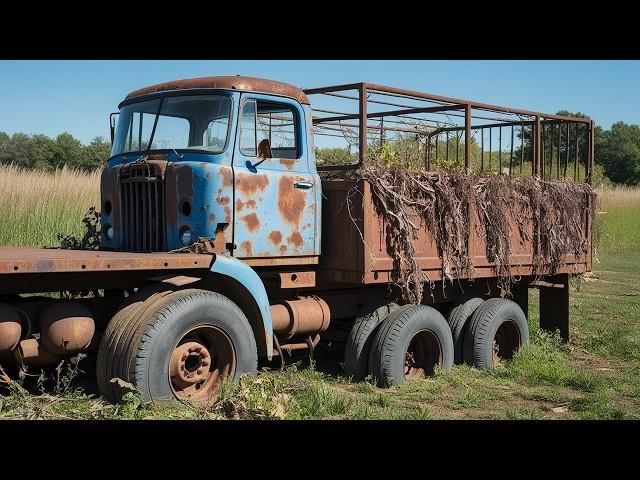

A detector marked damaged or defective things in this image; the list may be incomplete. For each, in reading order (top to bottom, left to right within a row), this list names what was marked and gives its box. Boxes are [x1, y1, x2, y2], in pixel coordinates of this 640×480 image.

rust patch [240, 214, 260, 232]
rust patch [236, 173, 268, 196]
rust patch [278, 177, 304, 228]
rust patch [288, 232, 304, 248]
rusty truck [0, 76, 596, 404]
rusty fender [209, 255, 272, 360]
rusted hubcap [170, 326, 238, 402]
rusted hubcap [402, 330, 442, 378]
rusted hubcap [492, 320, 524, 366]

####################

### To do
Print the listing exactly, minus any pictures.

### Final answer
A detector marked damaged or defective things in this image; the list may be incomplete. For each, in reading order (top to bottom, left to right within a row), this list names what was marked and gives its box. Boxes are [x1, y1, x2, y2], in pixel coordinates of this 640×480 image.

rust patch [240, 214, 260, 232]
rust patch [236, 173, 268, 196]
rust patch [278, 177, 304, 228]
rust patch [288, 232, 304, 248]
rusty truck [0, 76, 596, 404]
rusty fender [209, 255, 272, 360]
rusted hubcap [170, 326, 238, 402]
rusted hubcap [402, 330, 442, 378]
rusted hubcap [492, 320, 524, 366]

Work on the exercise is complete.